栃木県那須町「日本畜産の原風景を求める視察団」来町
2012年 08月 30日
最初に訪れたのは岩泉町安家地区、江戸時代から牛の放牧を行い、現在は全国のサポーターに支えられ短角牛の林間放牧を行っている安家森(カヌカ平)です。

今日では生産効率の良い牧草を植えた放牧地が主流ですが、この放牧地は天然の野芝で覆われ、13haの広さに8頭の短角牛が放たれています。
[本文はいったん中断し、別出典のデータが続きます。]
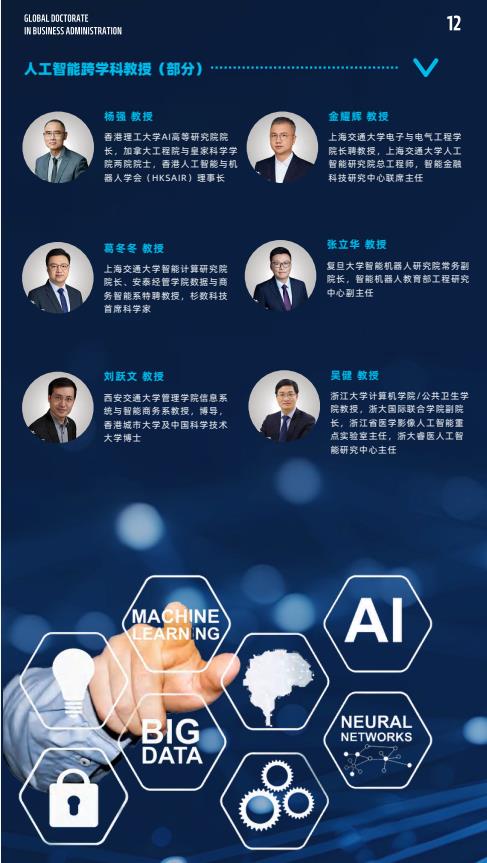 機器人與人工智能方向-全球工商管理博士（GDBA in R&Al）簡章-法國雷恩商學院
短角牛を放つことによって、ササや灌木の浸食を防ぎ、美しい景観が保たれているのです。
牛たちは自由に牧野を駆け回りますが、今日のような暑い日は木陰で涼んでいます。

次に訪れたのは、田野畑山地酪農牛乳で知られる「くがねの牧」と「志ろがねの牧」です。ここでは日本の山林を生かした究極の畜産・山地酪農を実践しています。山林を切り開き、野芝を移植しながら30年以上の月日をかけて作り上げた美しい牧場です。

日本を代表するリゾート地・那須地方ですら、これほど美しい牧場はないそうです。安家森の短角牛と同じく、木陰でのんびりと草を食んでいますが、よく見るとホルスタイン柄の馬がいます。心安らぐ光景ですね。
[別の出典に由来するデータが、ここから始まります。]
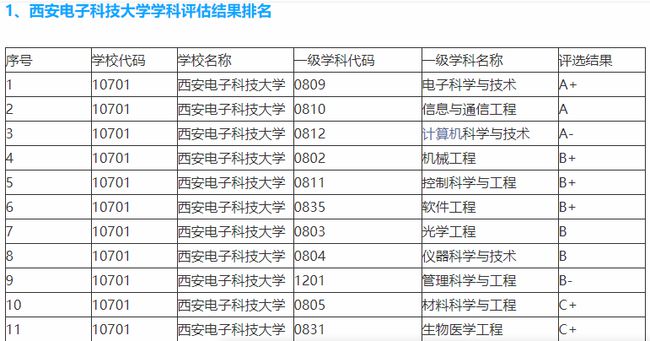 西北大学计算机科学与技术学科评估陕西高校第四轮学科评估9所有a类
▼山地酪農の実践者・ムネノリさんと「日本畜産の原風景を求める視察団」の皆さん。

「視察団」の皆さんも、実はただならぬ畜産の実践者です。
さらに一行は短角牛を求めて、岩泉町釜津田地区に飛び、櫃取湿原で知られる片巣牧野へ向かいました。べこ守り(放牧監視人)さんのお話を伺った後、短角牛を探しまわると、沢沿いのササ原の中で動く短角牛を見つけました。

牛たちは牧草のみならず、ササやブナの葉、時には体調に応じて野草を選んで食べる能力があります。
岩泉町・田野畑村には、日本畜産の原風景が今も残り、そしてそれが未来につながる持続可能な畜産であることを、視察団の皆さまが教えてくれました。